### Exercise prompt:
From the line holding "this 470×626 image." to the final line below, restate each line word for word and add nothing.

### Data records:

=== Section Start ===

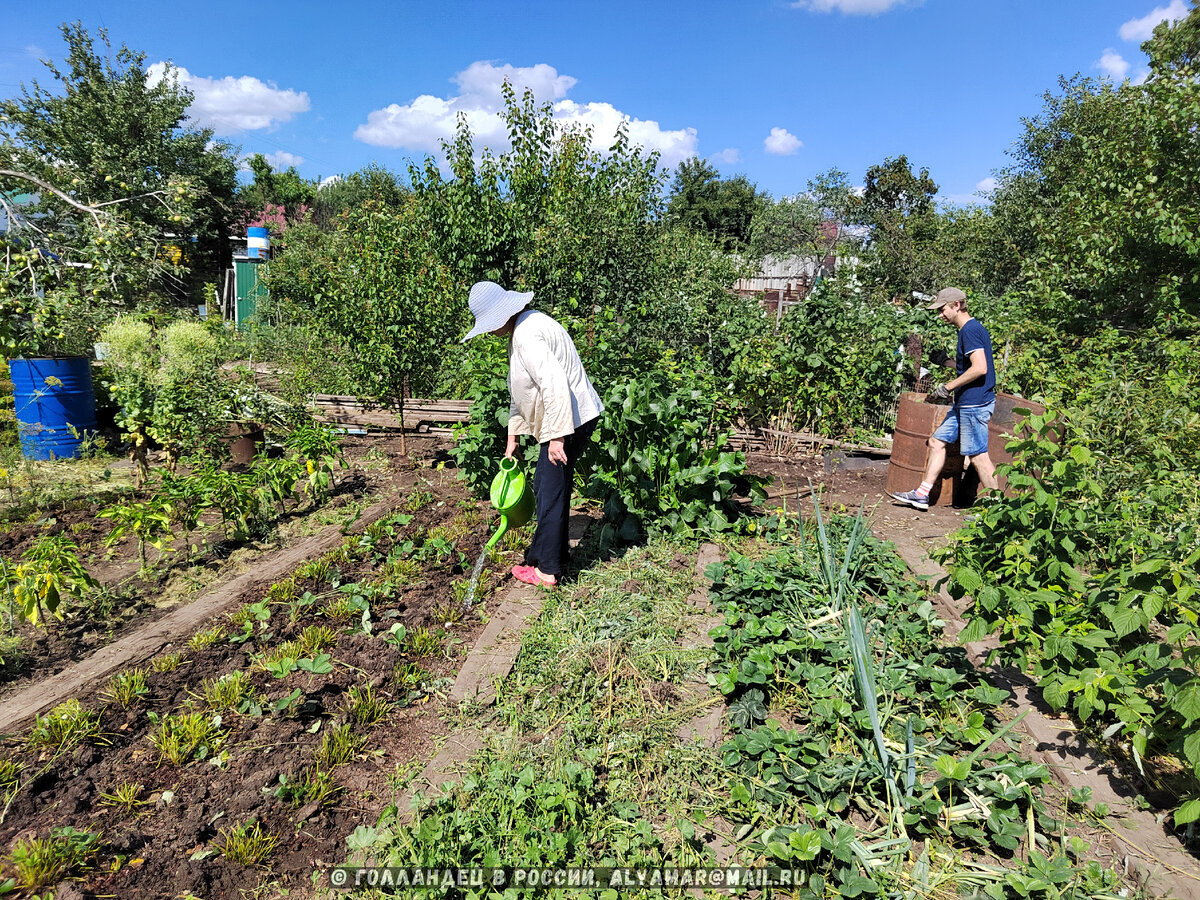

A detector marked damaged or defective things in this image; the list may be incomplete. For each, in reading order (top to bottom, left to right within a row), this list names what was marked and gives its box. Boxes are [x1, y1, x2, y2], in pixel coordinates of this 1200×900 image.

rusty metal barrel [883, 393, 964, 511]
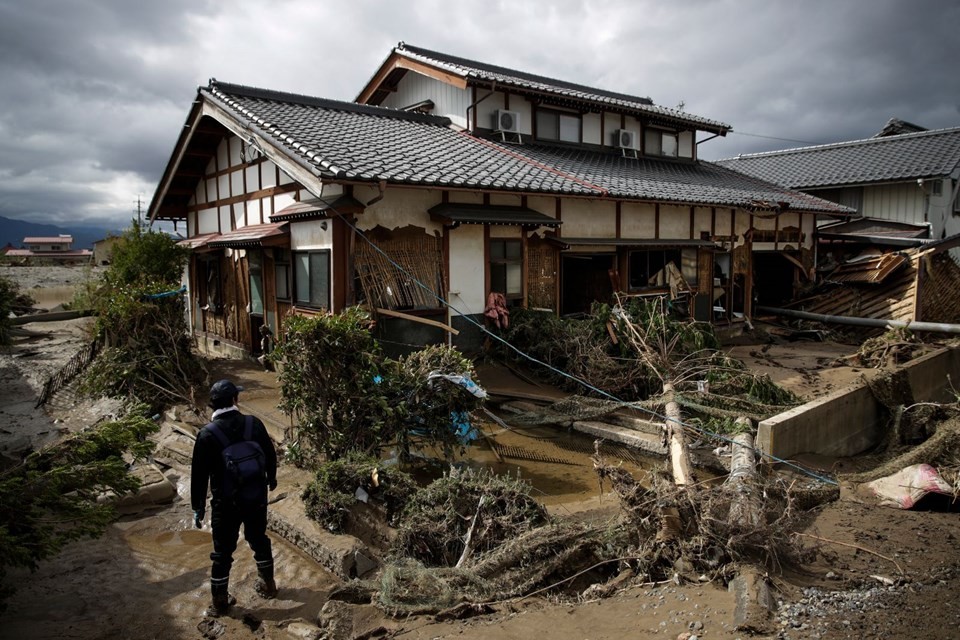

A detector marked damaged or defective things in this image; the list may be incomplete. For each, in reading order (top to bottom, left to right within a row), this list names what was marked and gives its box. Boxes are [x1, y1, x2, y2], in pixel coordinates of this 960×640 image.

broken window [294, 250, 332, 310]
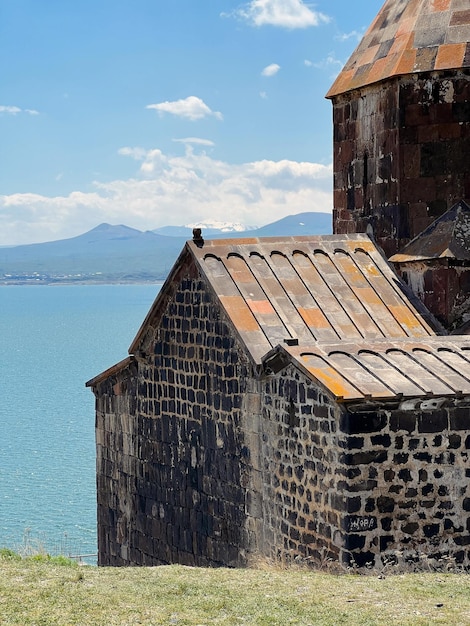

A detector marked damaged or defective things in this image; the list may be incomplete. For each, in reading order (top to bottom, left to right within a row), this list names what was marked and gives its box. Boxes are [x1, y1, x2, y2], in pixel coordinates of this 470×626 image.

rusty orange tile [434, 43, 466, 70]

=== Section End ===

### Answer box:
A detector marked damaged or defective things in this image; the list may be incomplete. For each, in reading order (top to bottom, left to right within a row), this list names what was marked and gives its box. Boxes are [x1, y1, x2, y2], in pixel coordinates of this 470×626 image.

rusty orange tile [434, 43, 466, 70]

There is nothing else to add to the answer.